SUPPLIED DATA Block Start

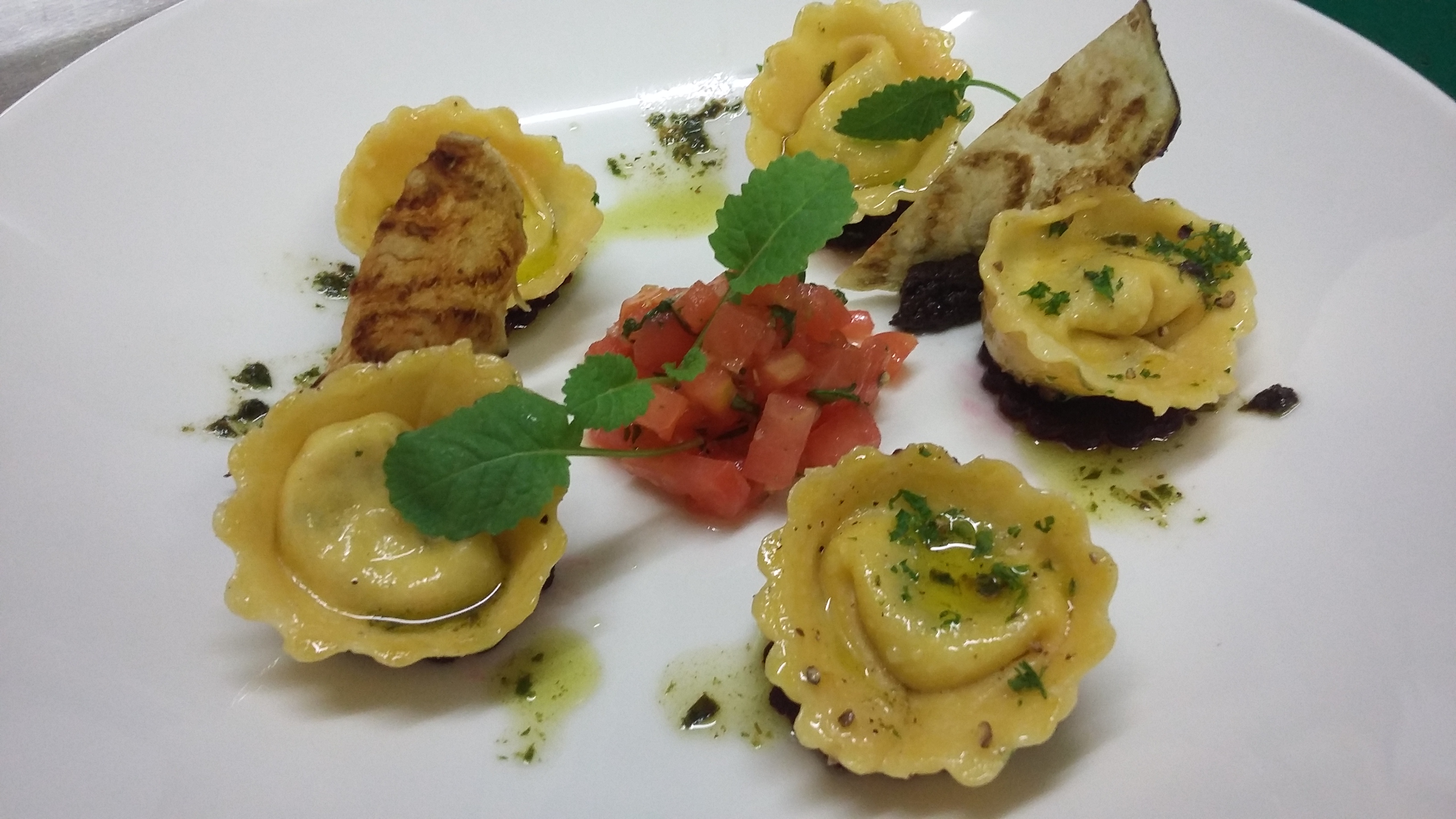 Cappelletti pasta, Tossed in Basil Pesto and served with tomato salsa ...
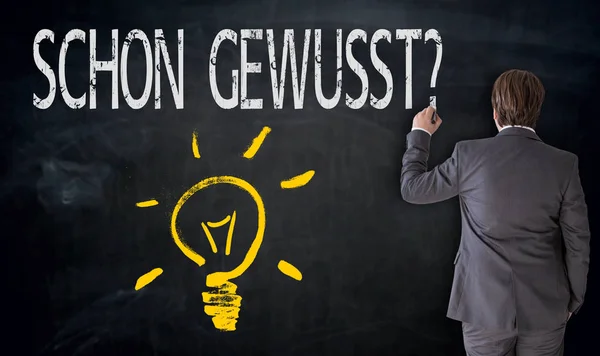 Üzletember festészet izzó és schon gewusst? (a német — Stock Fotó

SUPPLIED DATA Block End
SUPPLIED DATA Block Start

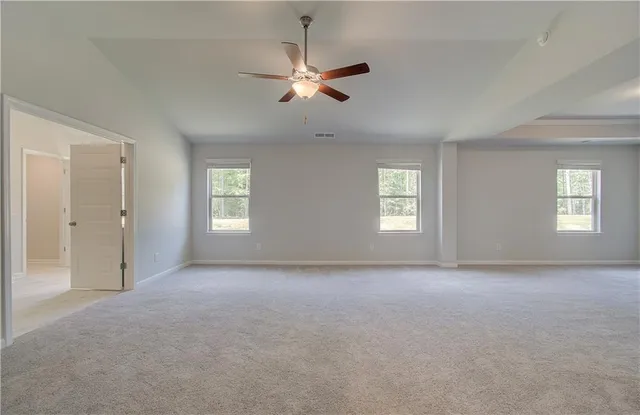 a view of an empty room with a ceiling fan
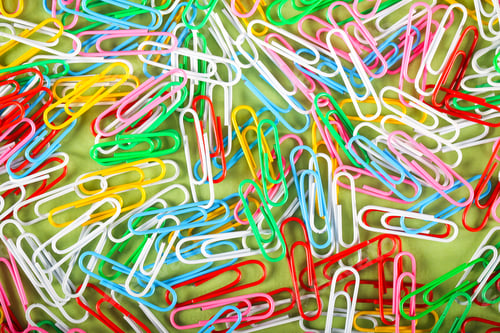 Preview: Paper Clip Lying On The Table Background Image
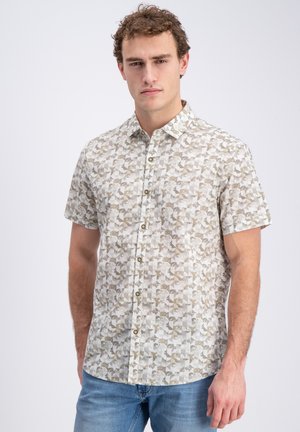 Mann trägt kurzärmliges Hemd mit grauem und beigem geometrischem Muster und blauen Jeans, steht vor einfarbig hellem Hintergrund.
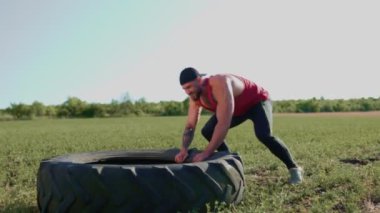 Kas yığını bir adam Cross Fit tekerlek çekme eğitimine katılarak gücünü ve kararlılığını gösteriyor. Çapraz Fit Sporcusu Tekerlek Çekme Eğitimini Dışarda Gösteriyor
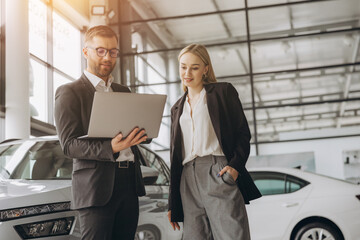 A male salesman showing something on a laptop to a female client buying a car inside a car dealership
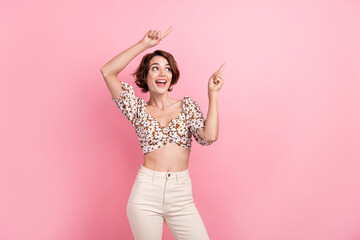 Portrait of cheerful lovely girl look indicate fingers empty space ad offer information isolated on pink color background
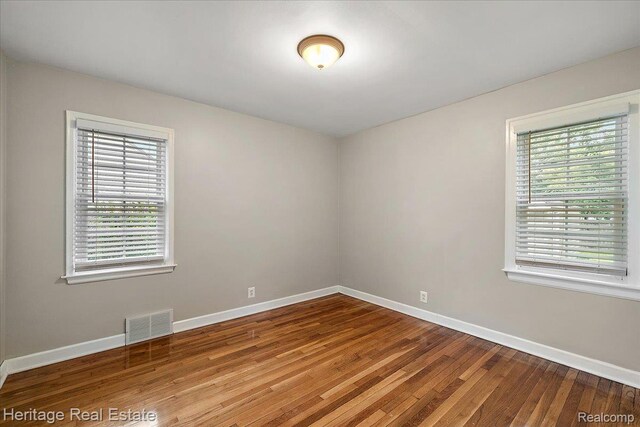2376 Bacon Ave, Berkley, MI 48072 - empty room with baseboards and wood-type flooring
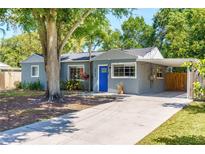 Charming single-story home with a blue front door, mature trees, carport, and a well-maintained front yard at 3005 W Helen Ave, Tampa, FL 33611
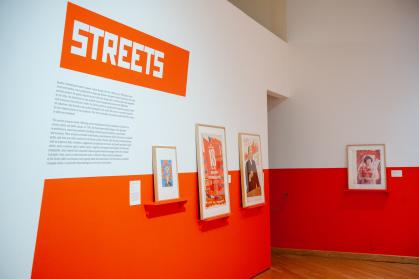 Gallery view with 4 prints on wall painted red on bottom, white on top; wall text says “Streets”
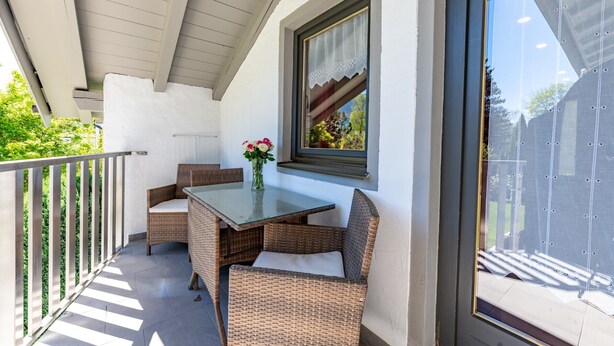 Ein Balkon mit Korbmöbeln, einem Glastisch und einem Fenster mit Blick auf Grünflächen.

SUPPLIED DATA Block End

Exactly the lines starting at the one above with "Preview: Paper Clip" and ending at the one with "Kas yığını bir" should be printed, and nothing else. Omit the pictures.

 Preview: Paper Clip Lying On The Table Background Image
 Mann trägt kurzärmliges Hemd mit grauem und beigem geometrischem Muster und blauen Jeans, steht vor einfarbig hellem Hintergrund.
 Kas yığını bir adam Cross Fit tekerlek çekme eğitimine katılarak gücünü ve kararlılığını gösteriyor. Çapraz Fit Sporcusu Tekerlek Çekme Eğitimini Dışarda Gösteriyor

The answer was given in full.